━━━ Data provided ━━━
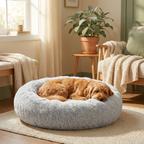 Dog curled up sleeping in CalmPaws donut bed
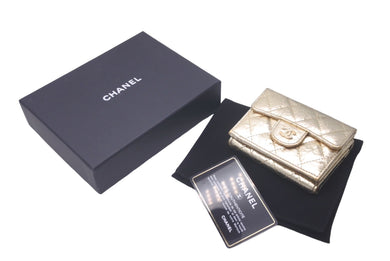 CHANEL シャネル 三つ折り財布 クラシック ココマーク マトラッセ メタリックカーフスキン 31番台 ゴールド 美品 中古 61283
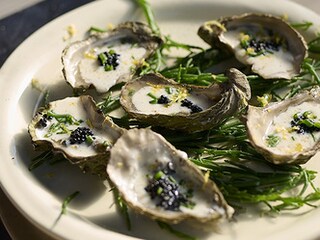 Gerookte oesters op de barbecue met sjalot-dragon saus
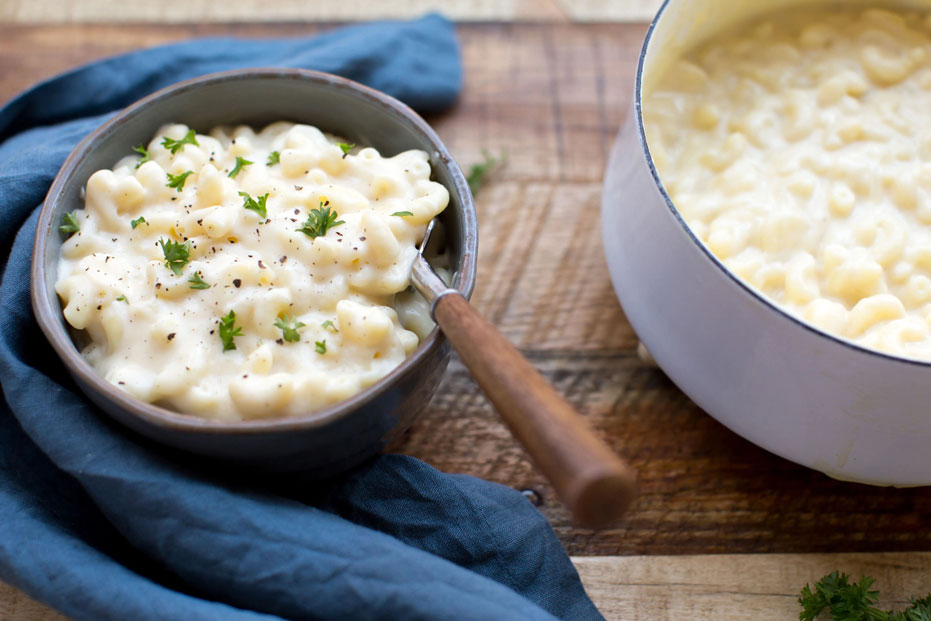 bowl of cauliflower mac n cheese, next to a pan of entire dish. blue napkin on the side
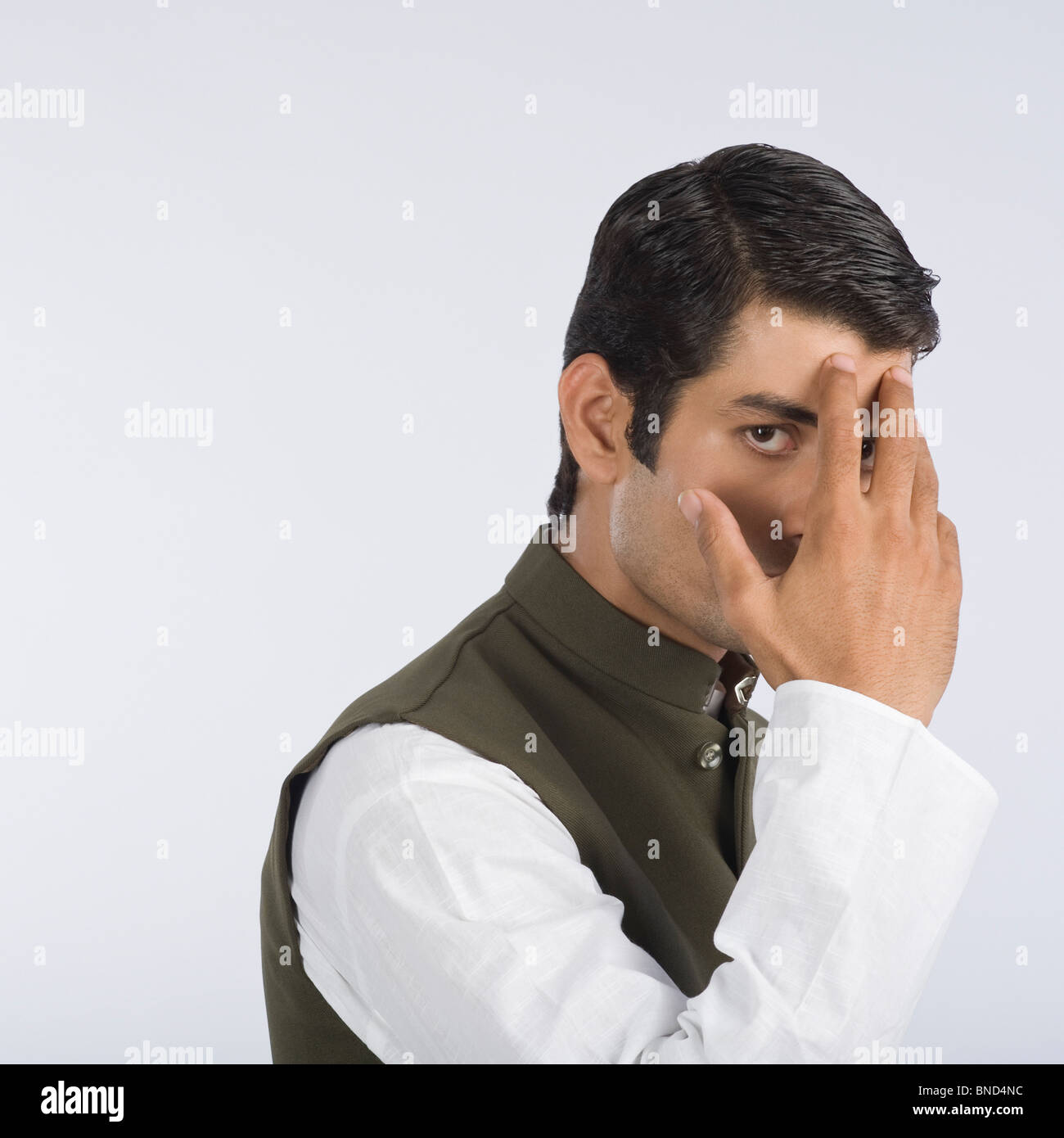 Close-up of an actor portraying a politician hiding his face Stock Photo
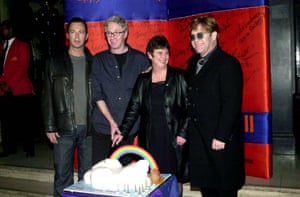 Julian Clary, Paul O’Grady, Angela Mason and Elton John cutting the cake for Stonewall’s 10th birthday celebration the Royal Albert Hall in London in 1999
━━━
━━━ Data provided ━━━
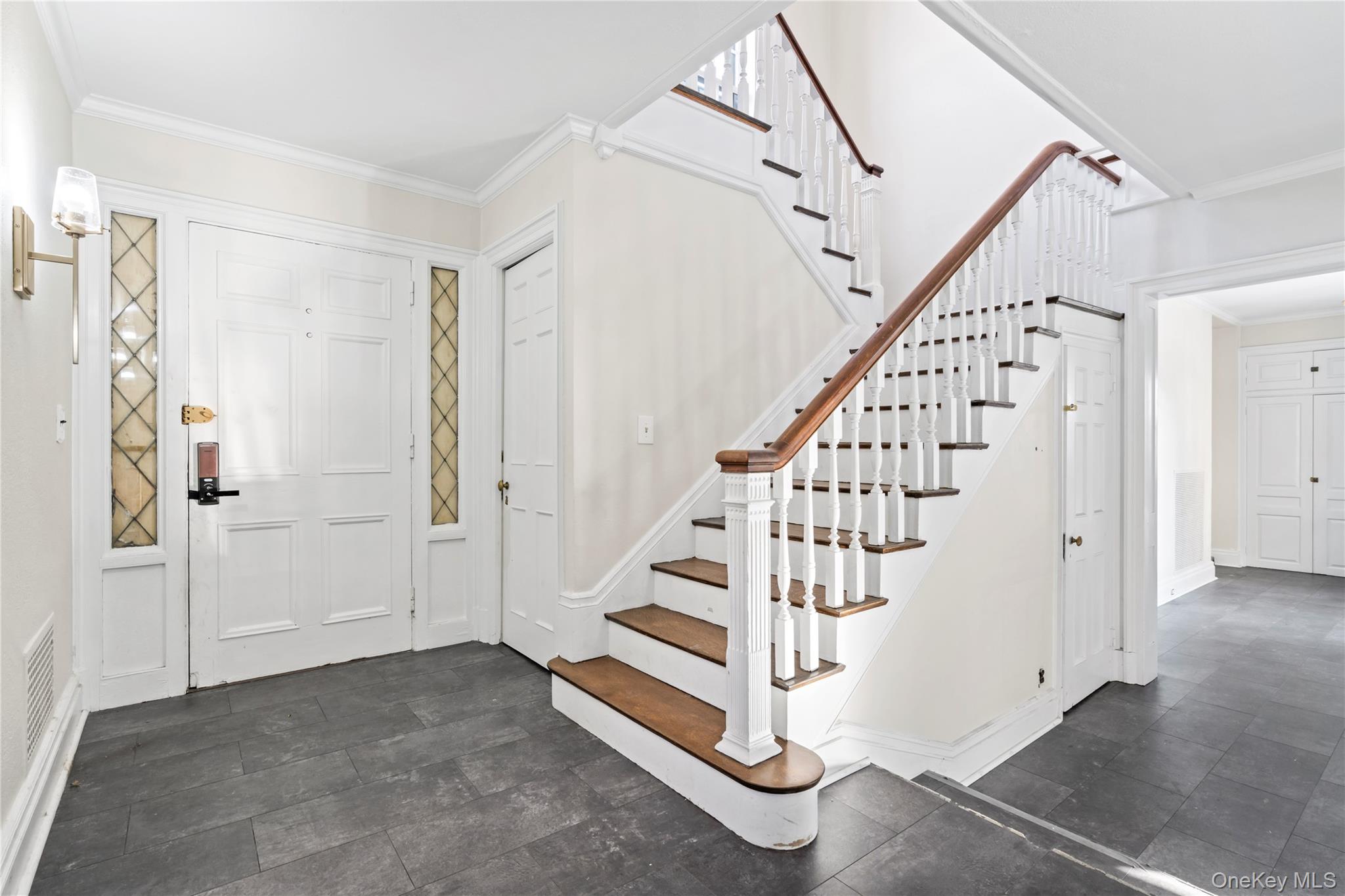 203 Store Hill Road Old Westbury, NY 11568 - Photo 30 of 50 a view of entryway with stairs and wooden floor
━━━
--- Prompt ---
Take the material above from the line containing "bowl of cauliflower" up to and including the line containing "Julian Clary, Paul" and retype it exactly, without any pictures.

--- Output for this exercise ---
 bowl of cauliflower mac n cheese, next to a pan of entire dish. blue napkin on the side
 Close-up of an actor portraying a politician hiding his face Stock Photo
 Julian Clary, Paul O’Grady, Angela Mason and Elton John cutting the cake for Stonewall’s 10th birthday celebration the Royal Albert Hall in London in 1999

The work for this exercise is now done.